Principaux acteurs internationaux

Les États-Unis se sont déclarés préoccupés par des irrégularités ainsi que par le manque de transparence avec lequel l’éligibilité des candidats potentiels a été déterminée pendant la période électorale. L’Union européenne a également exprimé des préoccupations au sujet du manque de transparence relatif à l’enregistrement des candidats et à la publication des résultats.

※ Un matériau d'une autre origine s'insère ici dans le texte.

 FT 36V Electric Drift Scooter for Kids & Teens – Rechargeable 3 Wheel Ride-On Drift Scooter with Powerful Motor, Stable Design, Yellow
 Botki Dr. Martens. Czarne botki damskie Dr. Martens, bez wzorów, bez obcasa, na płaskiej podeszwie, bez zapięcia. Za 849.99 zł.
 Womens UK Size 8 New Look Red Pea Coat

Le Royaume-Uni a déclaré qu’il était préoccupé par « des irrégularités dans le dépouillement et la présentation des résultats » et « par les arrestations » et le « ciblage de personnalités de l’opposition » après l’élection. Les ambassades américaine et britannique et la délégation de l’UE ont salué le fait que l’élection avait été pacifique.

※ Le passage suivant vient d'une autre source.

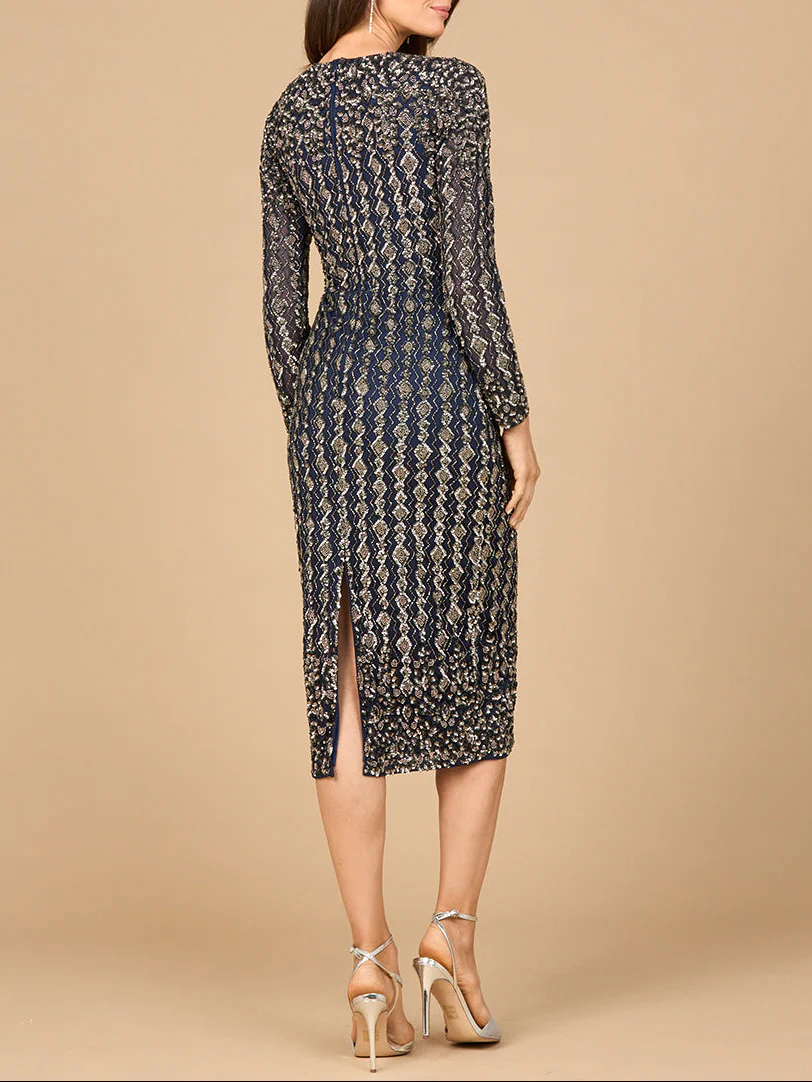 Beaded Midi Dress with Long Sleeves - Image 5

Un rapport du Secrétaire général des Nations Unies, publié en septembre, a identifié le Rwanda comme l’un des 29 pays où les défenseurs des droits humains qui coopèrent avec l’ONU sur les questions relatives à ces droits sont soumis à des représailles.

En octobre, le Sous-Comité pour la prévention de la torture, organe chargé de surveiller l’application du Protocole facultatif se rapportant à la Convention contre la torture (OPCAT), que le Rwanda a ratifié en 2015, a effectué une visite d’État au Rwanda. Le Sous-Comité a toutefois dû suspendre sa visite et quitter le pays plus tôt que prévu, invoquant des mesures d’obstruction de la part du gouvernement rwandais. Le Rwanda n’a toujours pas mis en place de mécanisme national pour prévenir la torture, tel que requis par l’OPCAT, alors qu’il aurait dû le faire dans l’année suivant la ratification du Protocole.

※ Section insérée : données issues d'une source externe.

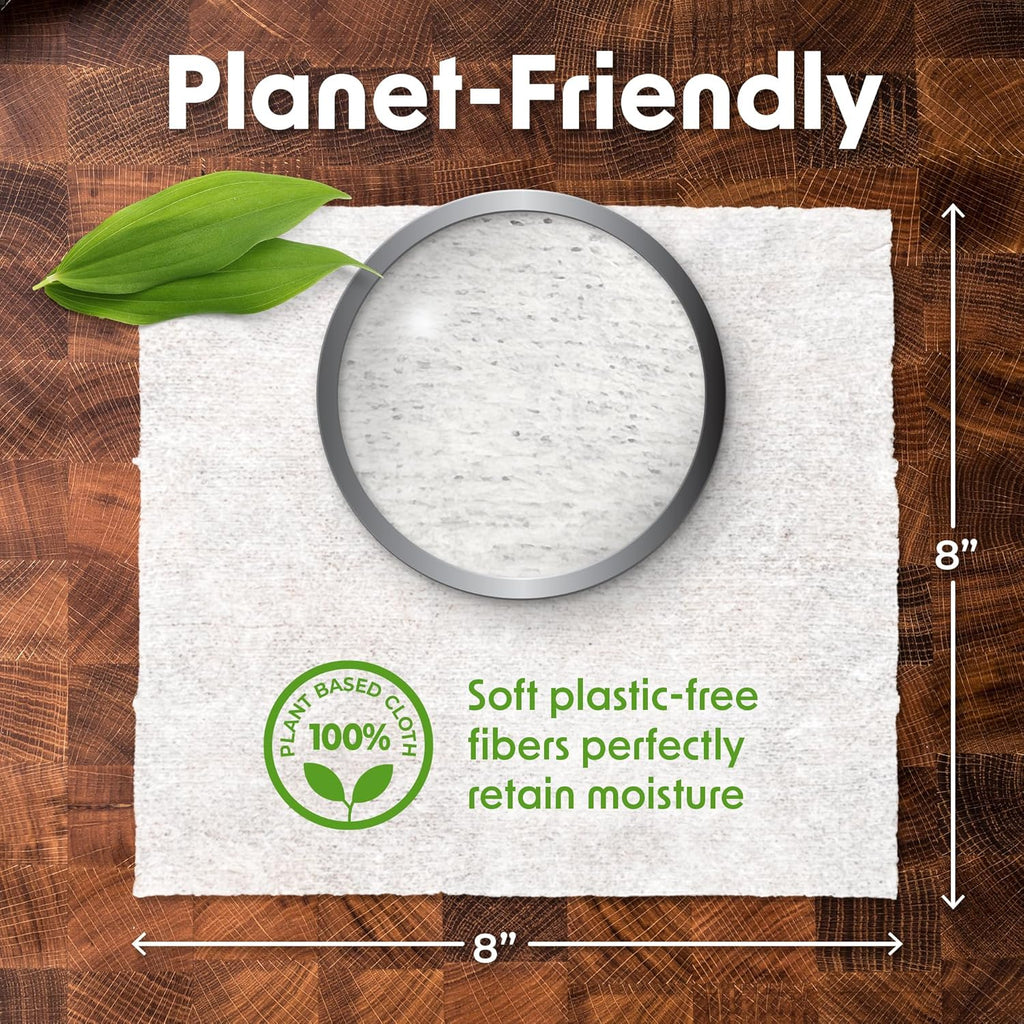 Wipex Table Bussers - Natural Cleaning Vinegar Counter and Table Wipes, 400 Ct Unscented Disposable Plant-Based Cloth for Tables, Counters, Surfaces for Restaurant, Cafes and Home Use, Pack of 4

En novembre, le Rwanda a comparu devant le Comité contre la torture (Committee Against Torture, CAT), un organe onusien chargé de surveiller l’application de la Convention contre la torture par les États parties. Le 6 décembre, le CAT, dans ses observations finales, a réclamé l’abolition des détentions involontaires dans des centres de transit ; l’arrêt des mesures d’intimidation à l’encontre des opposants politiques, des journalistes et des défenseurs des droits humains ; et l’ouverture d’enquêtes rapides, impartiales et efficaces sur les allégations de torture.